Was that dog whistling the repeal of net neutrality?

------
yuhong
My favorite is all the financial complexity in order to take advantage of the
debt-based economy. I even did a blog post on Google and Mozilla that shows
some of the other problems: [http://yuhongbao.blogspot.com/2017/12/google-
mozilla-and-deb...](http://yuhongbao.blogspot.com/2017/12/google-mozilla-and-
debt-based-economy.html)

------
bsanderson
"The most watched minute of video made in the last five years shows baby
Charlie biting his brother’s finger. (Twice!) That minute has been watched by
more people than the viewership of American Idol, Dancing With The Stars, and
the Superbowl combined. (174 million views and counting.)"

Not sure why the two use cases are presented as directly competing. The
popularity of long form scripted content on Netflix and shows like Walking
Dead, Breaking Bad, etc., are huge and not going away even though the methods
of distribution are changing from linear broadcast with commercials over
cable/satellite to subscription on-demand OTT without ads. That's the
transition taking place rather than hours spent viewing 1 minute viral videos
taking away from hours spent watching high cost production long-form content
otherwise the ratings would be crashing for those shows and Netflix wouldn't
be spending billions on production.

Seems like a false dichotomy.

At least a few times per week I go through the YouTube and Vimeo apps on the
Apple TV and apart from catching up on late night talk shows on YouTube, and
some interesting short-form content on Vimeo, it doesn't at all replace
watching high quality (expensive, complex) content from iTunes and Netflix.
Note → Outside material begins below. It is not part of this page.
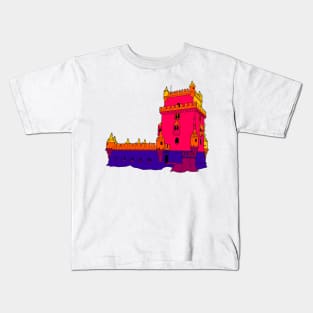 Torre de Belém - All People Kids T-Shirt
The article also doesn't cover live programming at all, which is increasing
exponentially in complexity for things like sports (Olympics coverage,
specifically) but also a ton of live event production that wasn't possible
before complexity (new technology) increases. Again, user-generated live
(Periscope, YouTube) is additional, and doesn't replace watching that content
either. There's a ton of room for more complexity with new technology for
things like the Super Bowl with tiny 4K cameras in each helmet and delivery
over web streaming with viewers watching from whatever angle they want, etc.,
that user generate content has no means of replacing.

The challenge is managing the shift from ad revenue to subscription revenue,
and subsequent competition for the consumer's total monthly subscription
budgets, rather than complex production being challenged by non-complex (user
generated) content.

Unlike the AT&T example listed, large companies are already aggressively
moving towards acquiring content rights and shifting to building OTT/VOD
platforms, which is a key motivator of the recent large acquisitions like AT&T
(ironically) and Time Warner / Turner / HBO, and Disney and Fox... the pivot
is underway and whether or not it is successful doesn't seem related to those
companies not being able to simplify but rather if they can avoid a fall in
revenue from loss in ad sales during the transition process.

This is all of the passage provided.